Funds will also be used to establish a video-conferencing link between three teaching hospitals, to reduce costly movement of lecturers and students between them.
Zimbabwean businesses have been responding to the campaign. In addition to the more than US$12 million raised so far, Mutambara’s office said companies had come on board to adopt some departments. One example is the Mbada diamond company, which has adopted the engineering department where mining is housed.
Property magnate Phillip Chiyangwa and others have also agreed to help construct a new university chapel, at a cost of US$1.6 million.
An academic based in the United States, Professor Rueben Simoyi, has offered to assist in efforts to mobilise Zimbabwean dons scattered across the globe to come back home and teach at the institution for varying periods.
Simoyi is part of a fundraising committee that also includes prominent locals based overseas including Dr Alex Magaisa of the Kent Law School in the United Kingdom.

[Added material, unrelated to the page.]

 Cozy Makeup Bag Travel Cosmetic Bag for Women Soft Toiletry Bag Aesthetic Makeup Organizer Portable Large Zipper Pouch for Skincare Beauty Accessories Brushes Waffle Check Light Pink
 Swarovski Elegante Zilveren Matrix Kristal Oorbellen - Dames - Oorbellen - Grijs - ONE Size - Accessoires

Mutambara’s office said fundraising was ongoing, and pledges had also been received “from the likes of Old Mutual, Delta and the dairy board”. Other pledges include support for scholarships.
Every graduate since the university opened in 1957 has been urged to make a minimum contribution of US$100 to the ongoing fundraising.
The university said its fundraising efforts would go a long way towards realising its vision of joining the league of the world’s great broad-based teaching and research institutions.
It added that the fundraising initiative would become an annual exercise, with the outcomes announced and reviewed to ensure constant renewal, modernisation and upgrading of academic departments and research institutes.
“The fundraising campaign is like no other that has ever been seen in Zimbabwe, in that the goal is not simply to raise funds for the institution, but also to raise energy in the form of alumni engagement and personal involvement with the university and its broader community,” said Vice-chancellor Levi Nyagura in the fundraising brochure.
Together, these elements would create the momentum to carry the university far beyond the end of the campaign into a stronger and brighter future for the institution and its ability to influence the wider community.